Netflix’s ‘This Is a Robbery: The World’s Biggest Art Heist’ examines the confounding mystery of how two men posing as Boston police officers entered the city’s Isabella Stewart Gardner Museum on March 18, 1990, and, after 81 minutes, walked out with 13 works of art without anybody noticing. Yet, as highlighted in the documentary series, after suspicion first fell on museum security guard Richard “Rick” Abath, a few leads led to the theory of mob associates Bobby Donati and Bobby Guarente executing the heist. So, let’s look into Bobby Guarente in particular, shall we?
Who Was Bobby Guarente?
Robert “Bobby” Guarente was a Boston native and Marine veteran with associations in the mafia that went too deep just to be casual. He had an extensive criminal history, dating back to the late-1950s. However, Bobby truly became a wise guy in the mid-1960s, as that’s when he started to lead a robbery ring that, reportedly, successfully hit three dozen bank establishments or armored truck depots. Subsequently, upon his last release from prison in 2000, Bobby retired to a small town in central Maine, where he spent most of his downtime.
Throughout this period, Bobby hosted fishing trips and talked shop with his friends, whether it be Bobby Donati (one of his closest pals from the streets of New England), David Turner (whom he considered his own son), Carmello Merlino (a made man with an auto repair shop in Dorchester), or Robert “Bob” Gentile (a local criminal). According to a few reports, Bobby was Carmello Merlino’s right-hand man, who even walked Bobby’s wife, Elene, down the aisle on their wedding day. Moreover, when Bobby Donati went missing, the first person his son called was Bobby Guarente.

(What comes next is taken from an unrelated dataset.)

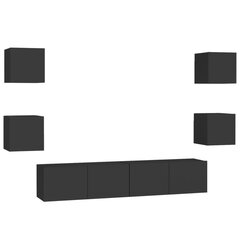 vidaXL Televizoriaus spintelių komplektas, 6 dalių, juodas, MDP kaina ir informacija | TV staliukai | pigu.lt
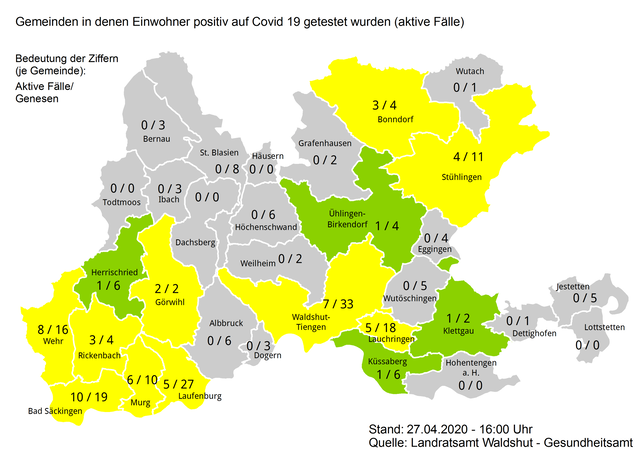 Stand der Corona-Infizierten im Landkreis Waldshut am Montag, 27. April 2020.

Bobby’s name has long been fused into the Gardner heist case because of his connections with the Rossetti Gang, the Philadelphia LCN family, and the theory that Carmello Merlino and/or Bobby Donati concocted the whole thing in the first place. Furthermore, it is said that Guarente even had at least two of the stolen paintings in his possession, which he turned over to Bob Gentile in Portland, Maine, in 2002, while their wives were enjoying a meal together. The latter was revealed to the FBI in 2010 by Bobby’s widow, Elene. However, Bob Gentile vehemently denied these claims.
How Did Bobby Guarente Die?
Robert “Bobby” Guarente passed away in 2004 after losing his battle with cancer. We should mention, though, that in 2005, a year after Bobby’s death, his friend and his daughter approached the Gardner Museum twice with what they claimed to be remnants of the stolen artworks. But one of them later confessed that they were just chips of house paint and shreds of magazine covers, not parts of the timeless pieces.
Nevertheless, it seems like some of the missing museum art was with Bobby, which former mob leader, Robert “Bobby” Luisi, admitted to in a 2016 interview. “I was sitting in the living room with Bobby Guarente, and he says, “I know where the art is; it’s buried in a cellar in Florida,”” Bobby Luisi said. “He says, “do you have anybody that can fence it?” I said, “I don’t know where to get rid of the art. I’m not a fence.””
Bobby Luisi further revealed that he had told this to the FBI in 2012, but it was another dead end as Bobby had never given him the house’s exact location. With all this, we think it’s safe to assume that Bobby Guarente is still pivotal to the matter. And the FBI seems to feel the same way as they have since announced that they believe the thieves were gang members once based in New England.